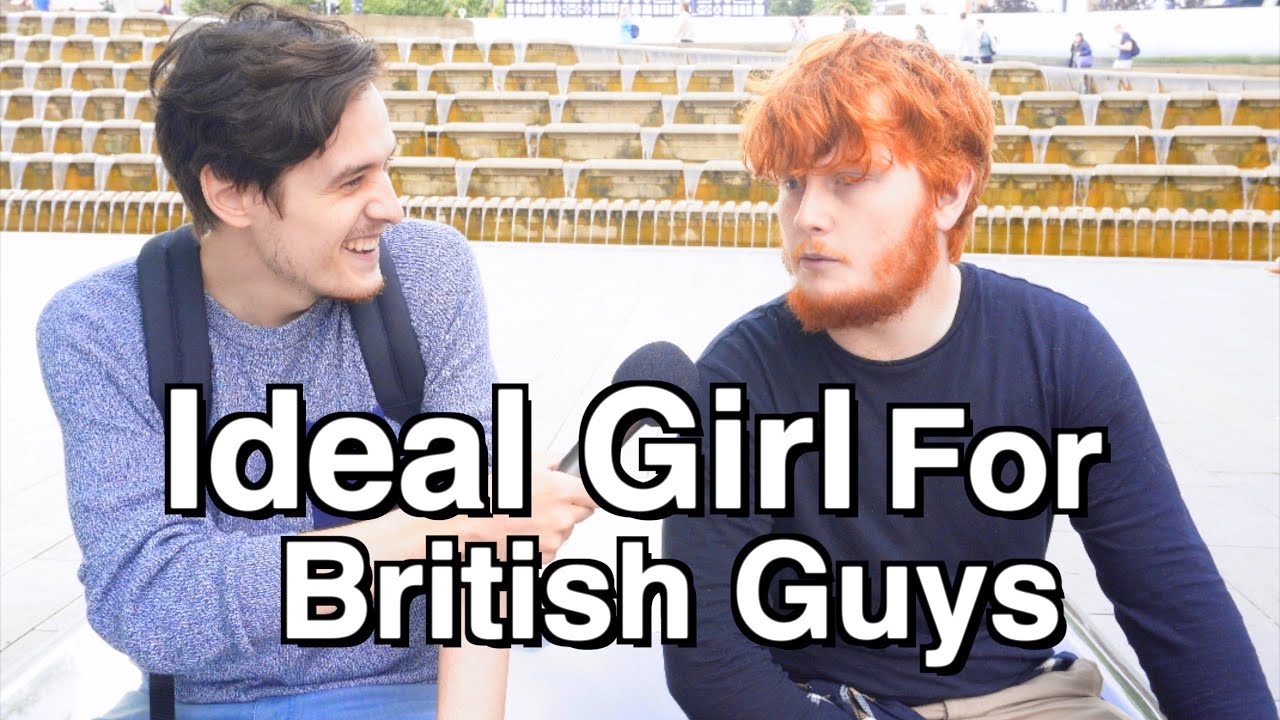 British Guys Describe Their Ideal Girl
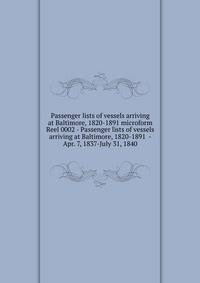 Passenger lists of vessels arriving at Baltimore, 1820-1891 microform. Reel 0002 - Passenger lists of vessels arriving at Baltimore, 1820-1891 - Apr. 7, 1837-July 31, 1840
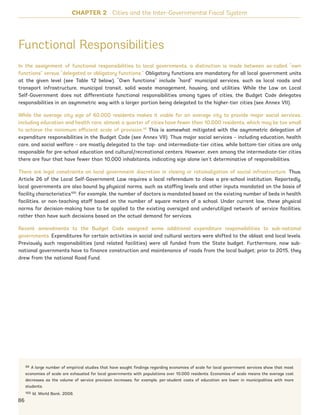 Functional Responsibilities
In the assignment of functional responsibilities to local governments, a distinction is made between so-called “own
functions” versus “delegated or obligatory functions.” Obligatory functions are mandatory for all local government units
at the given level (see Table 12 below). “Own functions” include “hard” municipal services, such as local roads and
transport infrastructure, municipal transit, solid waste management, housing, and utilities. While the Law on Local
Self-Government does not differentiate functional responsibilities among types of cities, the Budget Code delegates
responsibilities in an asymmetric way with a larger portion being delegated to the higher-tier cities (see Annex VII).
While the average city size of 60,000 residents makes it viable for an average city to provide major social services,
including education and health care, almost a quarter of cities have fewer than 10,000 residents, which may be too small
to achieve the minimum efficient scale of provision.99
This is somewhat mitigated with the asymmetric delegation of
expenditure responsibilities in the Budget Code (see Annex VII). Thus major social services – including education, health
care, and social welfare – are mostly delegated to the top- and intermediate-tier cities, while bottom-tier cities are only
responsible for pre-school education and cultural/recreational centers. However, even among the intermediate-tier cities
there are four that have fewer than 10,000 inhabitants, indicating size alone isn’t determinative of responsibilities.
There are legal constraints on local government discretion in closing or rationalization of social infrastructure. Thus,
Article 26 of the Local Self-Government Law requires a local referendum to close a pre-school institution. Reportedly,
local governments are also bound by physical norms, such as staffing levels and other inputs mandated on the basis of
facility characteristics100
. For example, the number of doctors is mandated based on the existing number of beds in health
facilities, or non-teaching staff based on the number of square meters of a school. Under current law, these physical
norms for decision-making have to be applied to the existing oversized and underutilized network of service facilities,
rather than have such decisions based on the actual demand for services.
Recent amendments to the Budget Code assigned some additional expenditure responsibilities to sub-national
governments. Expenditures for certain activities in social and cultural sectors were shifted to the oblast and local levels.
Previously such responsibilities (and related facilities) were all funded from the State budget. Furthermore, now sub-
national governments have to finance construction and maintenance of roads from the local budget; prior to 2015, they
drew from the national Road Fund.
99 A large number of empirical studies that have sought findings regarding economies of scale for local government services show that most
economies of scale are exhausted for local governments with populations over 10,000 residents. Economies of scale means the average cost
decreases as the volume of service provision increases; for example, per-student costs of education are lower in municipalities with more
students.
100 Id. World Bank. 2008.
CHAPTER 2 Cities and the Inter-Governmental Fiscal System
86
Ukraine_2015_nov26.indd 86 2015-11-26 5:14 PM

• • • •

#### Exercise aim:
Lines that contain the word "average": how many are there in the data? Give the number and nothing else.

#### Solution below:
2